On Friday, the rupee closed at 62.48/dollar, compared with its previous close of 62.42/dollar. It opened at 62.7 and, during intra-day trade, touched a low of 62.75 a dollar. However, it recovered due to dollar sale by public sector banks.
On Thursday, Economic Affairs Secretary Arvind Mayaram had said now, the foreign exchange market accounted for 30-40 per cent of the dollar demand of state-run oil companies.
On August 28, RBI had opened a forex swap window for the three public sector OMCs—Indian Oil Corporation, Hindustan Petroleum Corporation and Bharat Petroleum Corporation—as on that day, the rupee had fallen to an all-time low of 68.85/dollar during intra-day trade.
The combined monthly dollar demand of all the OMCs is $8-8.5 billion.
“We have seen only 30-40 per cent of the demand for dollars from state-run OMCs. We need to look at how the inflows of the dollar pan out. Even if there is volatility in the rupee against the dollar, the rupee may weaken up to 64 a dollar in the near term, in the worst scenario,” said S Srinivasaraghavan, head of treasury at Dhanlaxmi Bank.

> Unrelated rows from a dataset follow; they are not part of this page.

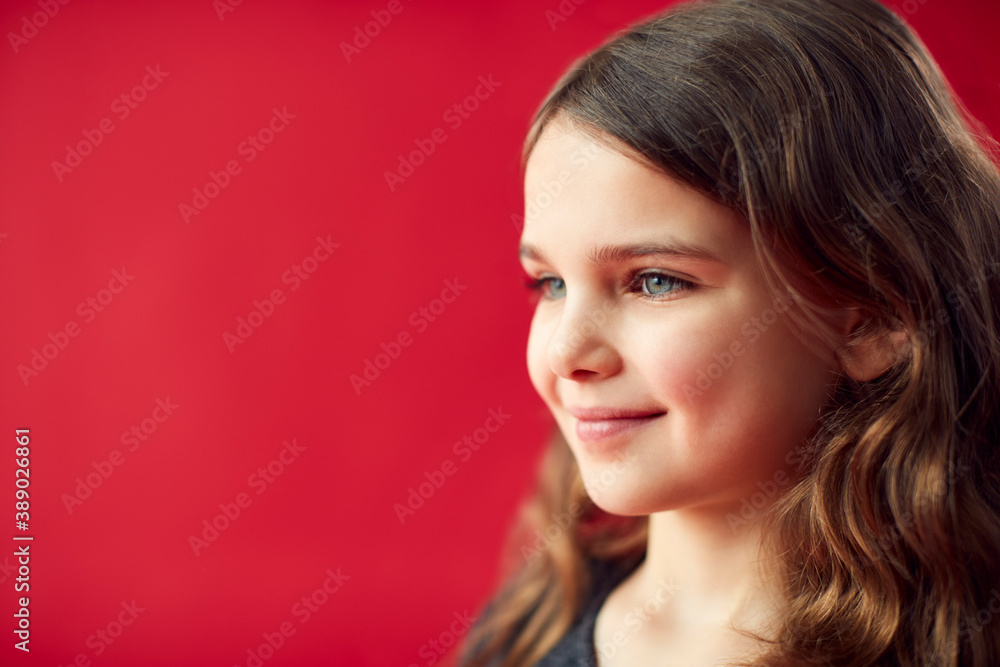 Portrait Of Girl Against Red Studio Background Smiling At Camera Portrait Of Girl Against Red Studio Background Smiling At Camera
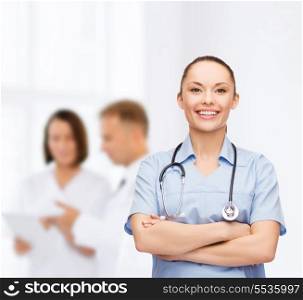 healthcare and medicine concept - smiling female doctor or nurse with stethoscope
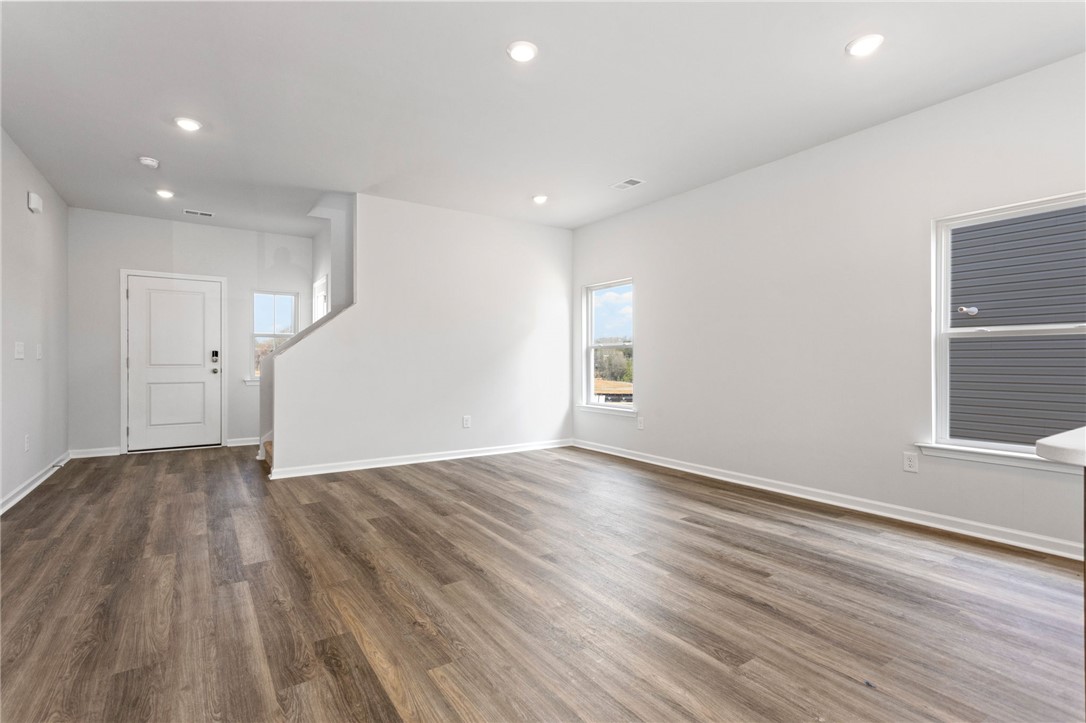 146 Cedar Shoals Easley, SC 29640 - Photo 7 of 34 This bright and airy interior features ample natural light and seamless transitions between living spaces.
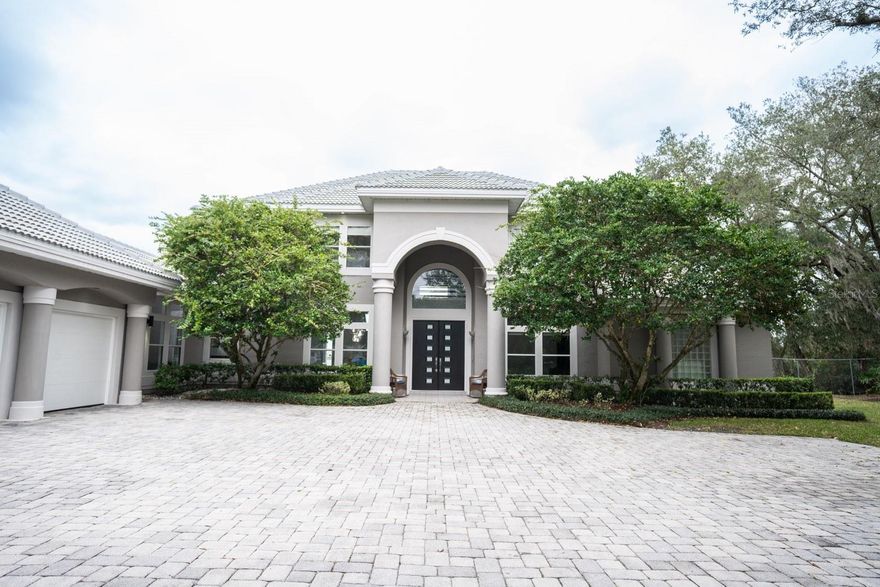 *LAKEFRONT MAITLAND GEM*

In the near term, the rupee may weaken further. “The current account deficit has been brought under control; fiscal deficit is under control and exports have picked up. We are also seeing foreign institutional investors investing in equity. Due to these factors, the worries we had in August aren’t there. But will full demand of OMCs coming to the market, the rupee will trade at 62-63 a dollar,” said N S Venkatesh, chief general manager and head of treasury, IDBI Bank, and chairman (fixed income), Money Market and Derivatives Association of India.